Attending my Democratic caucus last week by ZOOM drove home how rapidly Colorado’s political parties are disintegrating as effective organizations. Unfortunately, there’s no identifiable culprit, or vast conspiracy, which can be held responsible for this dissolution. I have doubts this descent can or will be reversed. Having moved here from Maryland in 1972, I was intrigued by the precinct caucus system for selecting delegates to county assemblies and from there on to state conventions. Knowing I wouldn’t arrive in Denver until the end of October, it wasn’t possible to qualify for a ballot, so I cast an absentee vote before departing Maryland.
Therefore, it was with a sense of both anticipation and curiosity I knocked on the door of Joe Vinnola in the spring of 1974. Joe was a longstanding lieutenant to Mike Pomponio, Denver’s Democratic boss – not just in North Denver but for the entire city. He is credited with delivering the Colorado delegation to John Kennedy in 1960 over Texan Lyndon Johnson – an Italian Catholic allying with the Irish Catholic presidential candidate from Massachusetts.

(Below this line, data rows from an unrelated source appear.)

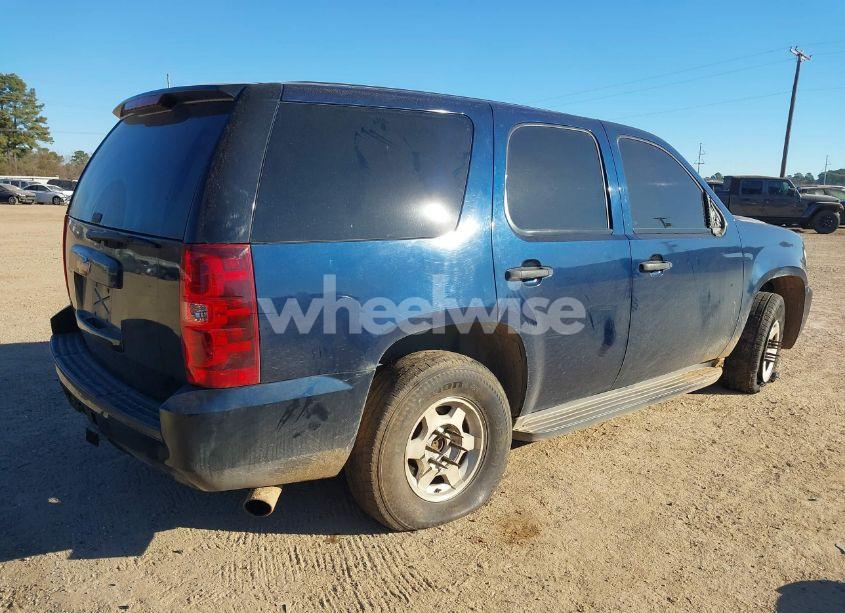 Photo 4 of 2010 Chevrolet Tahoe LS (VIN 1GNMCAE03AR172776)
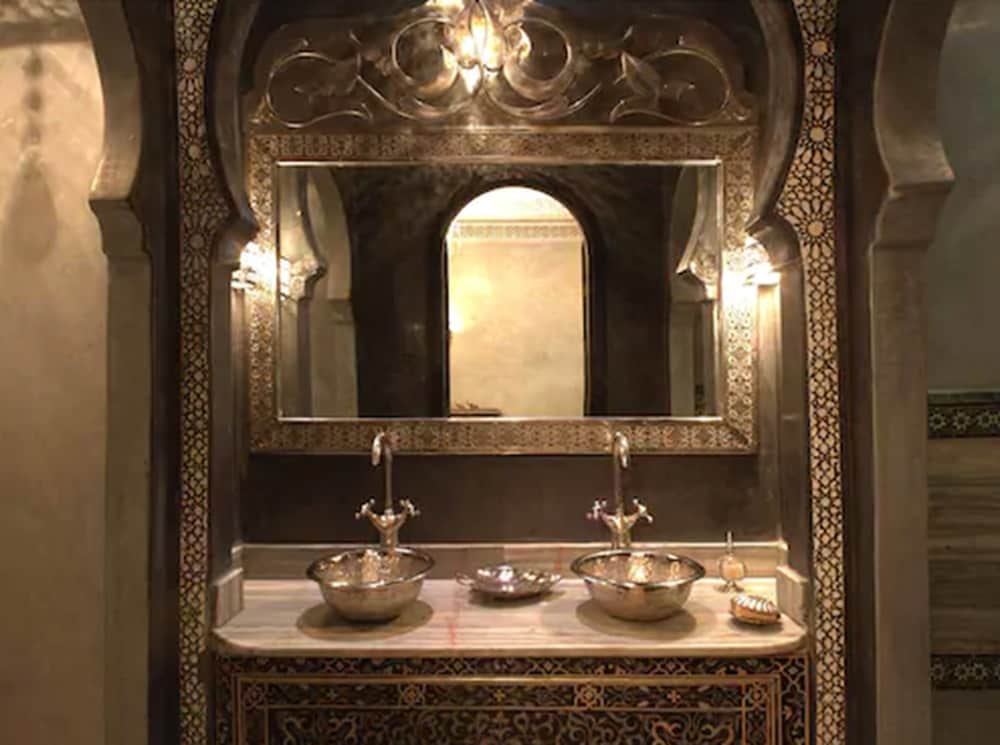 MUMTAZ MAHAL 36/37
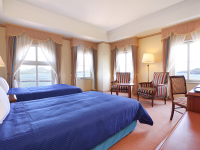 �f���b�N�X�n�[�o�[�r���[�c�C��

Pomponio later collected on this favor by lobbying the Kennedy administration to route I-70 through North Denver, placing an exit at Pecos Street where his DX gas station was located, and uprooting nearly 300 homes in the process; rather than looping the Interstate north along the I-270 alignment.
Pomponio had been unceremoniously dumped in 1972 as Democratic captain by a wave of young, anti-war McGovern campaign supporters who swept out many long-serving committeepersons and joined to send Pat Schroeder to Congress. I was oblivious to this history as I rang the Vinnola doorbell. Joe was among the handful of old-timers who managed to survive the McGovern purge. Like many of the tidy brick Tudors in the neighborhood, Joe had a sliding grate which he pushed open and greeted me with, “Yes, what do you want?” Identifying myself as a Democrat looking for my precinct caucus and providing my name, the grate shut, and I could hear murmured whispering inside. Apparently, they concluded there was no plausible reason to refuse me entry and I was admitted to a smoke-filled living room with perhaps 20 other caucus attendees.
It probably helped me gain admittance that I mentioned I was new to the neighborhood – not a party to the despised McGovern insurrection. Over the next few years, I became friends with Joe Vinnola, who worked as a starter at the dog track in Commerce City. Several years later, once I was elected to the Legislature, Joe marked my race card during a legislator’s evening at the track and told me to bet his tips. He picked 11 of 12 winners and sent me home with an extra $400. I don’t think the races were actually fixed, but Vinnola apparently had a keen sense for the swiftest greyhounds.
Absentee ballots were rarely requested then, and you could expect to meet neighbors at your polling station. If you were politically involved, you soon knew who was doing similar work among Republicans. They served as election judges and would engage in humorous banter, “I see you got here in time to cancel my vote.” And, I would quip back, “It’s nasty work, but somebody has to do it.” Following the passage of the Americans with Disabilities Act (ADA), Democrats moved their caucuses from private homes to accessible public buildings – often local schools. This worked reasonably well, but participation fell off slightly.
Peak caucus attendance occurred with the Obama campaign in 2008. My precinct meeting at East High School drew 122 registered Democrats and another 30 unaffiliated voters – the latter shocked to learn they couldn’t be elected as delegates since they had failed to register as Democrats. One young woman wailed loudly, “But I love him so much.” We designated her as an alternate and advised she change her registration before the County Assembly.
Since then, Colorado has moved to all mail-in ballots, which undeniably boosts participation, and introduced open primaries, each of which is damaging to a feeling of voting as a community endeavor. The ZOOM caucus I attended in Arapahoe County last week attracted just 87 chatbox participants from 35 precincts in an entire legislative district. Our House District captain attempted to put a positive spin on the affair, noting how much more convenient it was for each of us to participate from the comfort of our own homes. The voting apps proved glitchy and problematic, delaying the proceedings. Unable to fill all the slots available at the county assembly, anyone who raised a virtual hand was certified as a delegate.
The county assembly at Hinckley High School drew perhaps 200 credentialed Democrats. A decade earlier, it would have been closer to 600. A similar delegate promotion existed for those expressing an interest in attending the state convention in April. This event will return to a ZOOM format. Admittedly, there are no statewide races this year, but lost is the opportunity to meet other Democrats from across the state. I will put off until next week a discussion of the ostensible “election reforms” which may appear on this November’s ballot. Read up on “jungle primaries” and “ranked-choice or instant run-off voting.” As you might suspect, there are pluses and minuses involved. While these innovations address some problems, they do little to build a sense of political solidarity fostered through a shared democratic experience.
Miller Hudson is a public affairs consultant and a former Colorado legislator.